### Exercise requirements:
Will you output all of the data below exactly, omitting the images?

### Dataset excerpts:
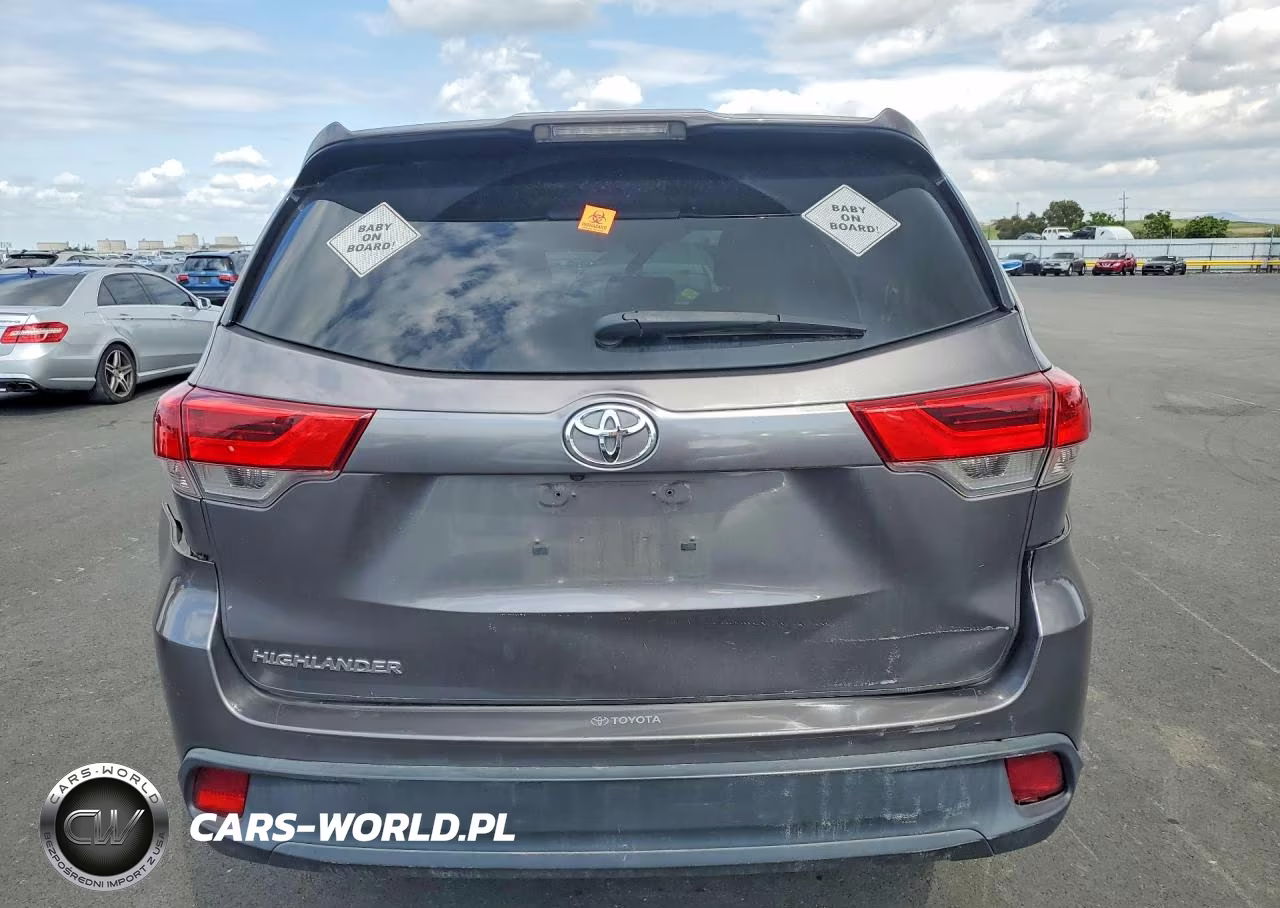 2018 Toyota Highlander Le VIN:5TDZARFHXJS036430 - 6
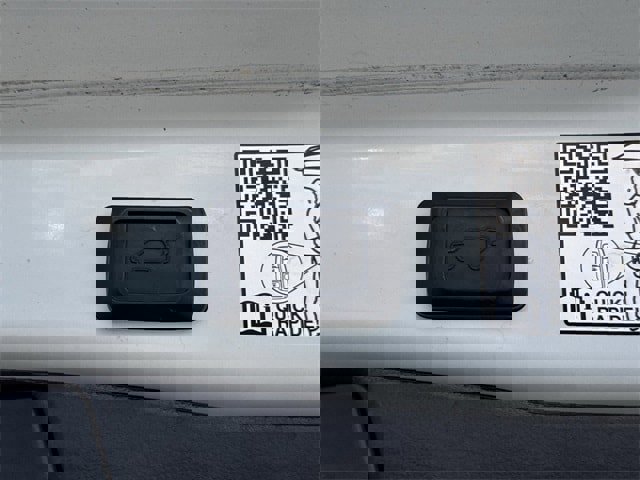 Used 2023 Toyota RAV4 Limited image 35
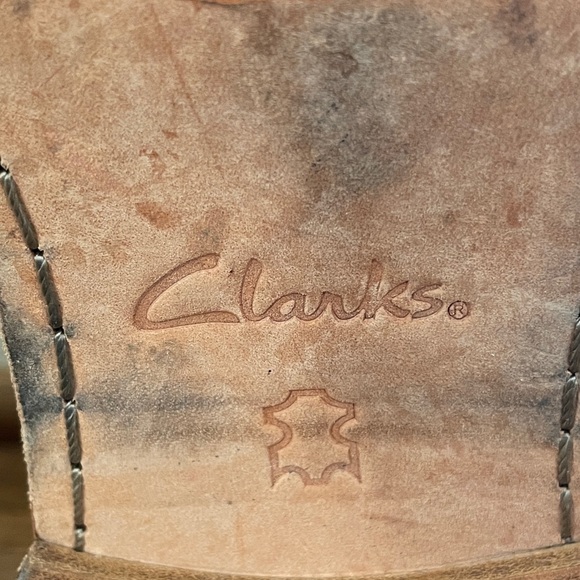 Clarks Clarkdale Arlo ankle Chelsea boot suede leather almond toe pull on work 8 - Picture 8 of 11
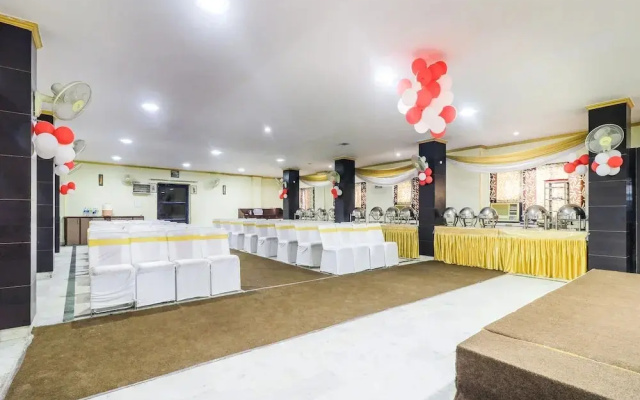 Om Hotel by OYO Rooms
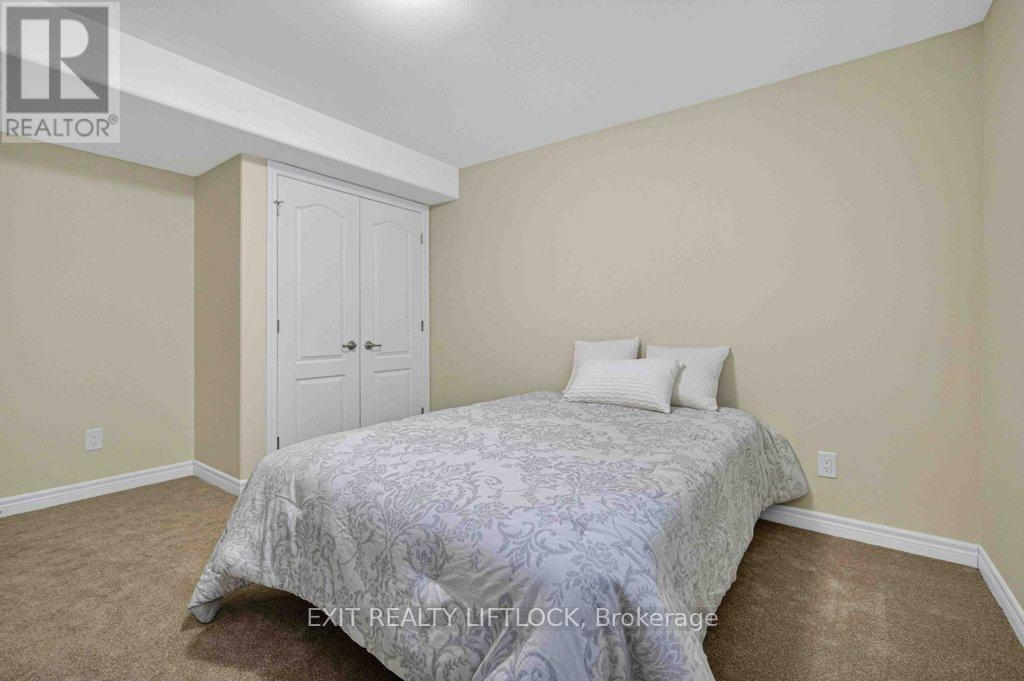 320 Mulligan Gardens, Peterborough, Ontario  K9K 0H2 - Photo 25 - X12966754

### Exercise output:
 2018 Toyota Highlander Le VIN:5TDZARFHXJS036430 - 6
 Used 2023 Toyota RAV4 Limited image 35
 Clarks Clarkdale Arlo ankle Chelsea boot suede leather almond toe pull on work 8 - Picture 8 of 11
 Om Hotel by OYO Rooms
 320 Mulligan Gardens, Peterborough, Ontario  K9K 0H2 - Photo 25 - X12966754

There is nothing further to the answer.